- **Task item**: How many lines of the entries below include the word "horse"? Answer with the number alone.

-- Materials provided follows --

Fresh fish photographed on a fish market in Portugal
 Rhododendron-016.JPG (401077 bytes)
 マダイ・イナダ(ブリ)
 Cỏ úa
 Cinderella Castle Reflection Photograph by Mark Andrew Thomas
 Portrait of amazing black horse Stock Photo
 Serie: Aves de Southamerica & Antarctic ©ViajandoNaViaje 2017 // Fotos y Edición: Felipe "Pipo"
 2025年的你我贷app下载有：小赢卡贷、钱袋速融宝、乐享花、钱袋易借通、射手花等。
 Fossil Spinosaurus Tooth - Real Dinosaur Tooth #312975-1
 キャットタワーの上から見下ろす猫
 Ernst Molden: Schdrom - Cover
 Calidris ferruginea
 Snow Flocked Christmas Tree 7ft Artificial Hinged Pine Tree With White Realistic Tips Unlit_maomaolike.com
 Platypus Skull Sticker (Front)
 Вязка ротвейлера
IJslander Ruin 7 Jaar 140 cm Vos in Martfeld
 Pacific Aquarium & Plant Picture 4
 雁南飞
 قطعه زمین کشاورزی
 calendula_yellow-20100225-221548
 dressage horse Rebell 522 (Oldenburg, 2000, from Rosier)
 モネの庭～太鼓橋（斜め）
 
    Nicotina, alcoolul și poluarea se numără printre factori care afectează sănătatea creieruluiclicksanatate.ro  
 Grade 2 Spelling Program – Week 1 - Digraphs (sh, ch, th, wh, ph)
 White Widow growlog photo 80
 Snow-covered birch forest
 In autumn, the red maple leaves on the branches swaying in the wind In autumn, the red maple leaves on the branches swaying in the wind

-- Materials provided concluded --

- **Response to the exercise**: 2